I reduced the load and the problem hasn't been happening as much. After enabling gc logging, I see messages mentioning promotion failed when the pauses happen. It looks like this happens when there is a promotion failure. From reading on the web it looks like I could try reducing the CMSInitiatingOccupancyFraction value and/or decreasing the young gen size to try to avoid this scenario.

Also is it normal to see the "Heap is xx full.  You may need to reduce memtable and/or cache sizes" message quite often? I haven't turned on row caches or changed any default memtable size settings so I am wondering why the old gen fills up.


On Wed, Jul 4, 2012 at 6:28 AM, aaron morton <aaron@thelastpickle.com> wrote:
What accounts for the much larger virtual number? some kind of off-heap memory? 
http://wiki.apache.org/cassandra/FAQ#mmap

I'm a little puzzled as to why I would get such long pauses without swapping. 
The two are not related. On startup the JVM memory is locked so it will not swap, from then on memory management is pretty much up the JVM. 

Getting a lot of ParNew activity does not mean the JVM is low on memory, it means there is a lot of activity in the new heap. 

If you have a lot of insert activity (typically in a load test) you can generate a lot of GC activity. Try reducing the load to a point where it does not ht GC and then increase to find the cause. Also if you can connect JConole to the JVM you may get a better view of the heap usage.

Hope that helps. 

-----------------
Aaron Morton
Freelance Developer
@aaronmorton

On 3/07/2012, at 3:41 PM, feedly team wrote:

Couple more details. I confirmed that swap space is not being used (free -m shows 0 swap) and cassandra.log has a message like "JNA mlockall successful". top shows the process having 9g in resident memory but 21.6g in virtual...What accounts for the much larger virtual number? some kind of off-heap memory? 

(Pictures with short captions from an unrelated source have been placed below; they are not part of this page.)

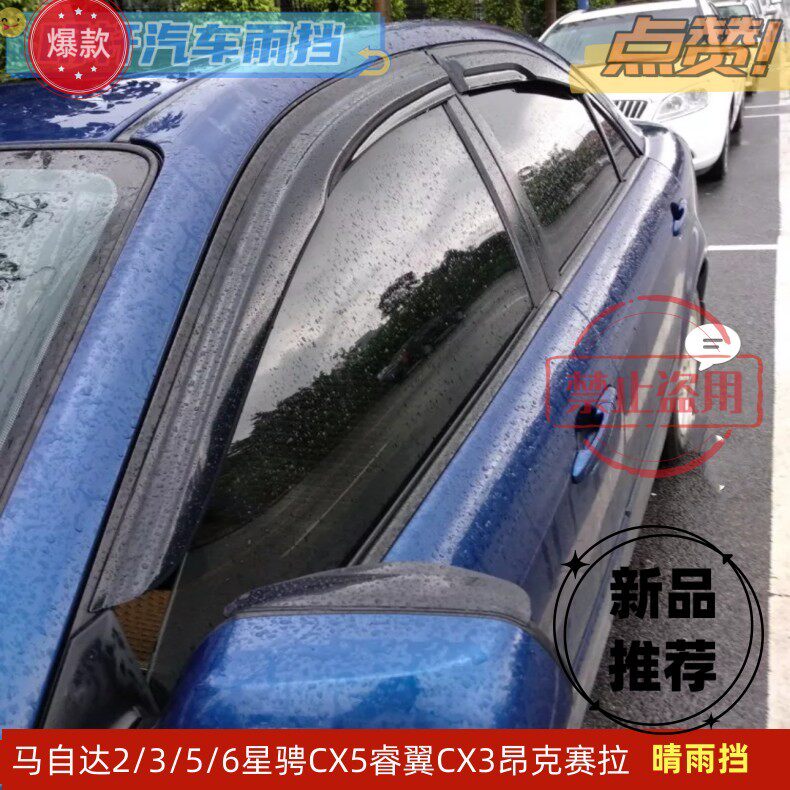 马自达6马自达3m2m3m5m6马3马6马六睿翼改装专用汽车雨眉晴雨挡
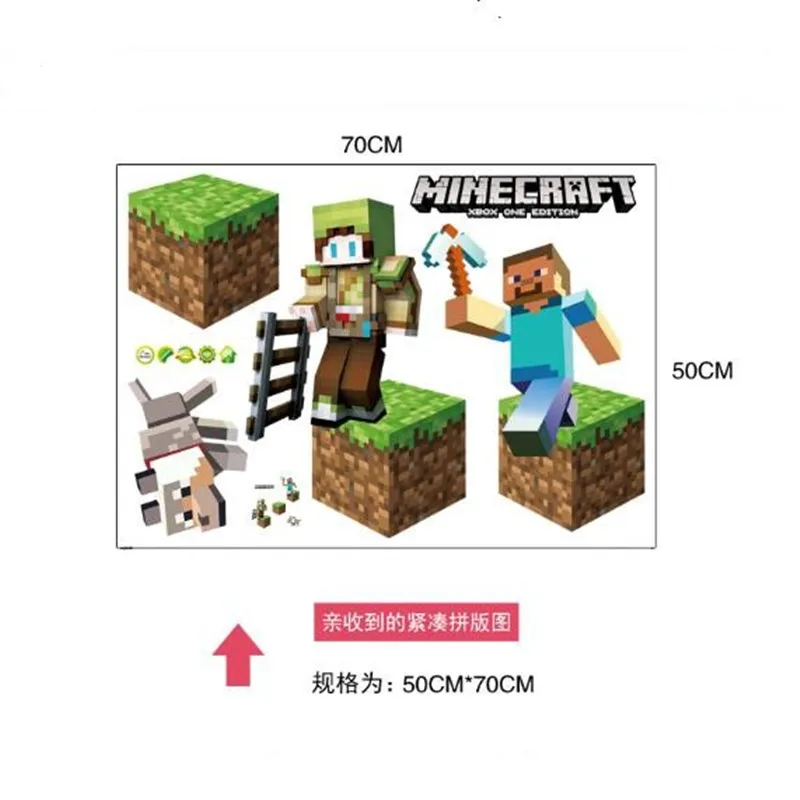 Яркие мозаичные 3D игры настенные наклейки Пиксельная игра плакат домашний декор настенные наклейки s для детских комнат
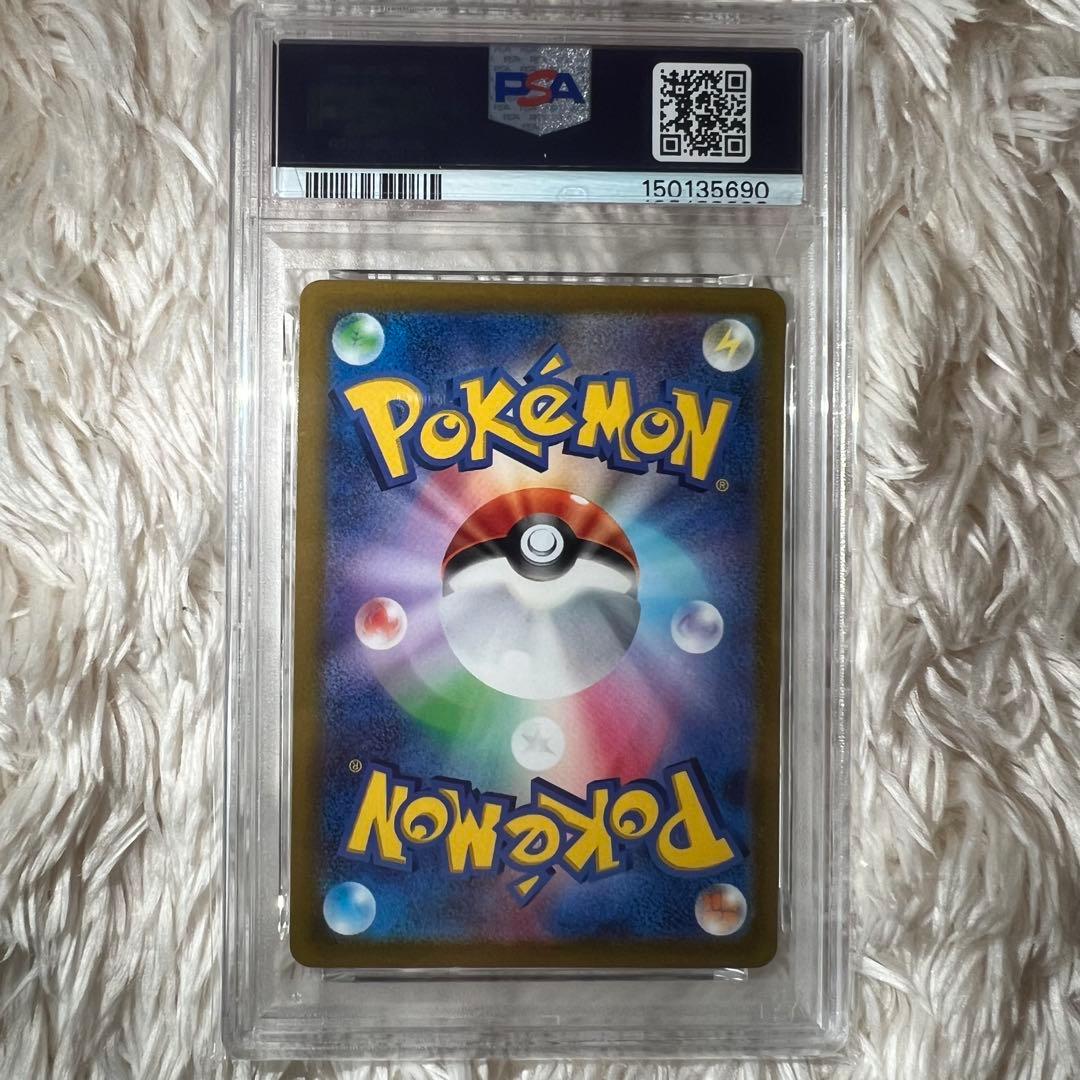 Pok Mon Trading Card Game Psa10 Ar S12A Vstar 177/172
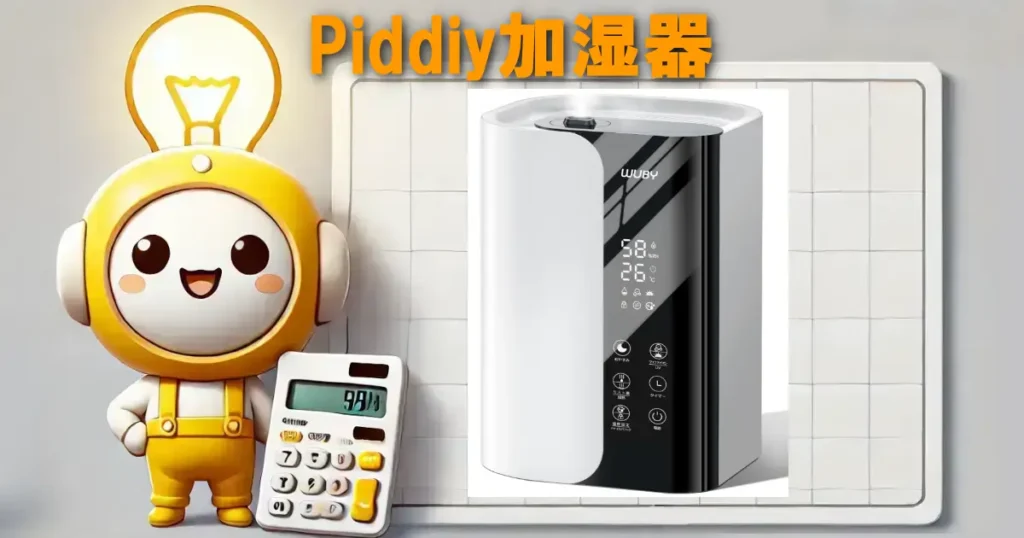 Piddiy加湿器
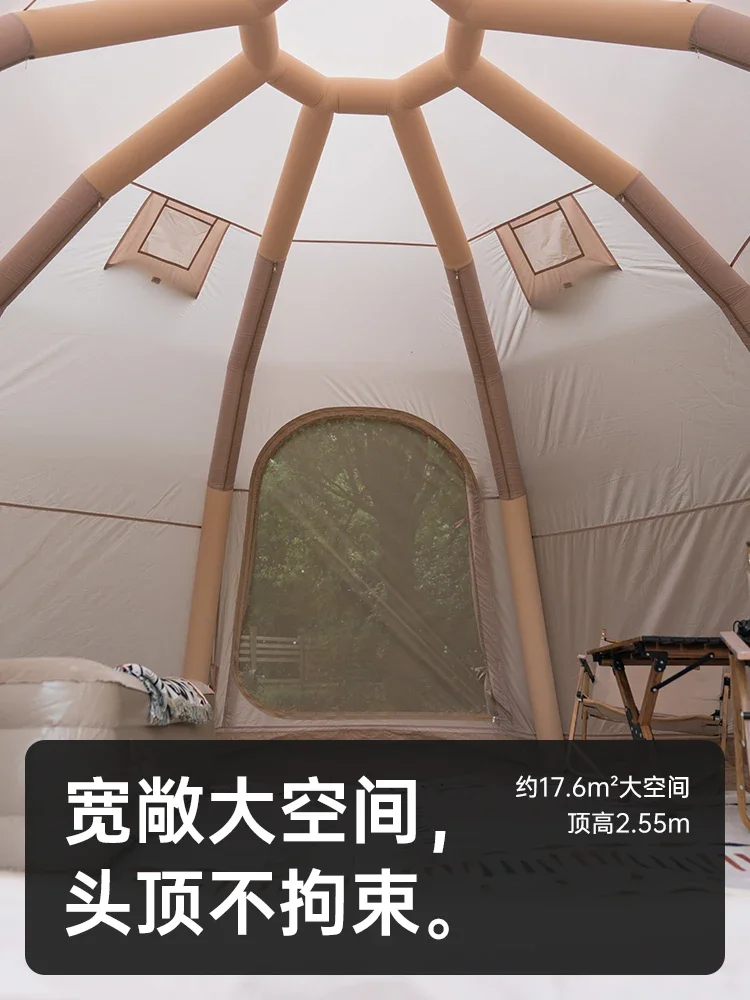 Spherical inflatable tent castle 17 square outdoor camping rainproof warm thickened camping overnight full set of equipment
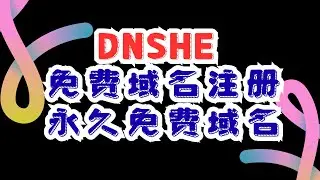 DNSHE 永久免费域名注册，de5.net,cc.cd,ccwu.cc,us.ci供你选择，可托管cloudflare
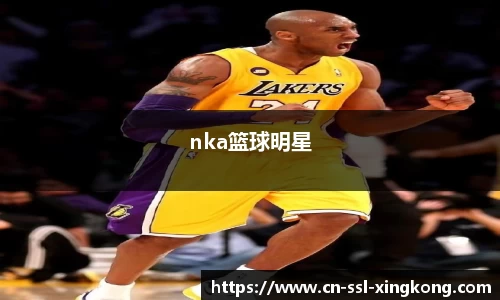 xingkong体育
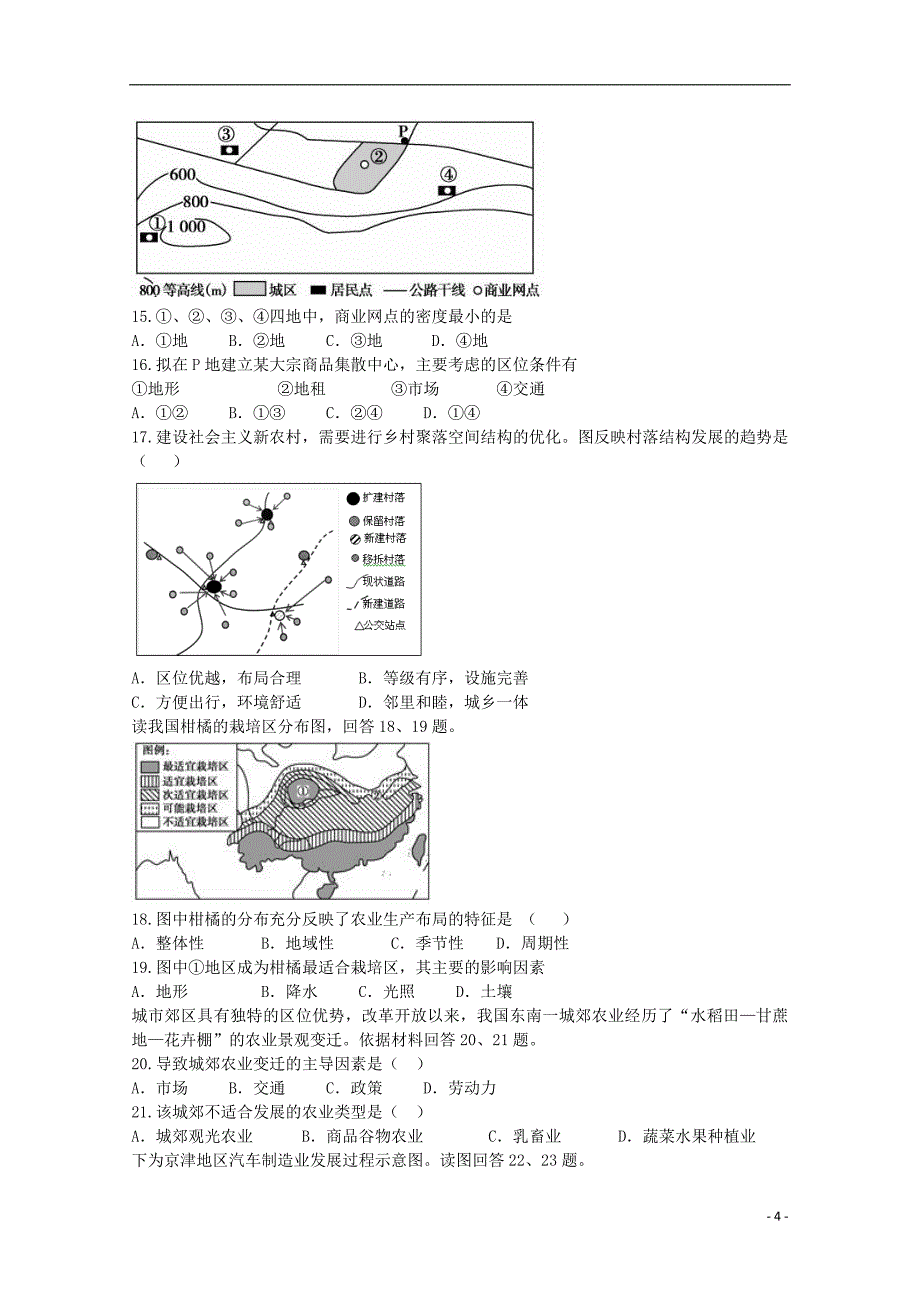 山东省宁阳四中2014-2015学年高一地理下学期月考试题_第4页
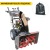 Снегоуборщик EVOline SBG 680 BE в Костроме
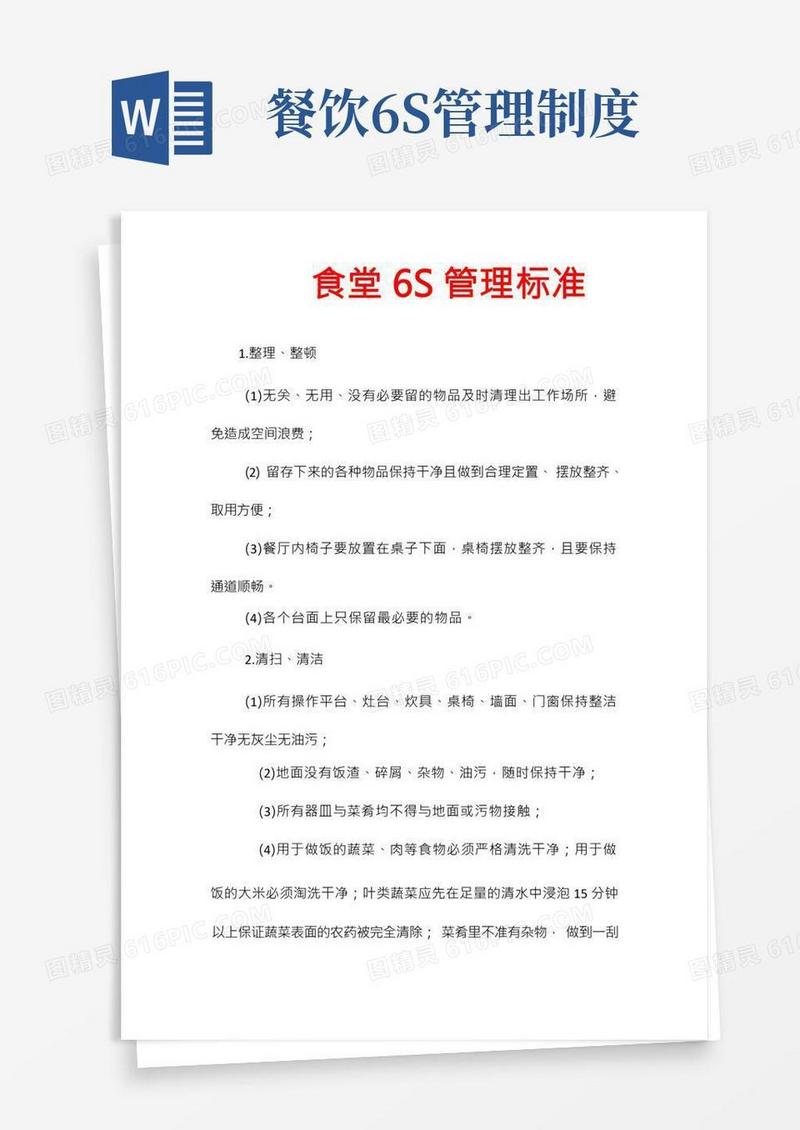 食堂6S管理标准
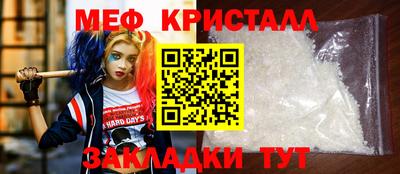 гидра Балаково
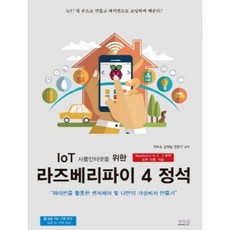 IoT 사물인터넷을 위한 라즈베리파이 4 정석:파이썬을 활용한 센서제어 및 나만의 가상비서 만들기, 앤써북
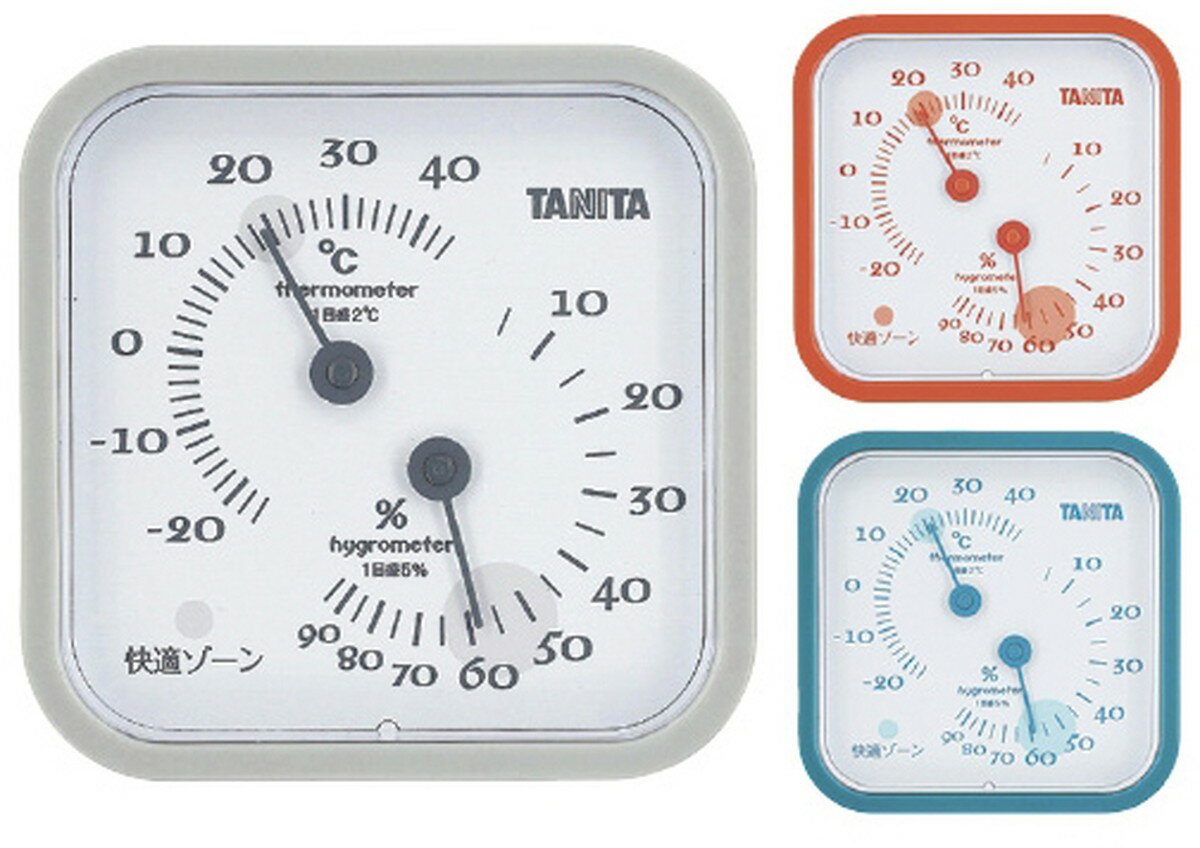 ★ポイント最大16倍★【全国配送可】-温湿度計　　　　　　　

I'm a little puzzled as to why I would get such long pauses without swapping. I uncommented all the gc logging options in cassandra-env.sh to try to see what is going on when the node freezes.

Thanks
Kireet

On Mon, Jul 2, 2012 at 9:51 PM, feedly team <feedlydev@gmail.com> wrote:
Yeah I noticed the leap second problem and ran the suggested fix, but I have been facing these problems before Saturday and still see the occasional failures after running the fix. 

Thanks.


On Mon, Jul 2, 2012 at 11:17 AM, Marcus Both <mboth@terra.com.br> wrote:
Yeah! Look that.
http://arstechnica.com/business/2012/07/one-day-later-the-leap-second-v-the-internet-scorecard/
I had the same problem. The solution was rebooting.

On Mon, 2 Jul 2012 11:08:57 -0400
feedly team <feedlydev@gmail.com> wrote:

> Hello,
>    I recently set up a 2 node cassandra cluster on dedicated hardware. In
> the logs there have been a lot of "InetAddress xxx is now dead' or UP
> messages. Comparing the log messages between the 2 nodes, they seem to
> coincide with extremely long ParNew collections. I have seem some of up to
> 50 seconds. The installation is pretty vanilla, I didn't change any
> settings and the machines don't seem particularly busy - cassandra is the
> only thing running on the machine with an 8GB heap. The machine has 64GB of
> RAM and CPU/IO usage looks pretty light. I do see a lot of 'Heap is xxx
> full. You may need to reduce memtable and/or cache sizes' messages. Would
> this help with the long ParNew collections? That message seems to be
> triggered on a full collection.

--
Marcus Both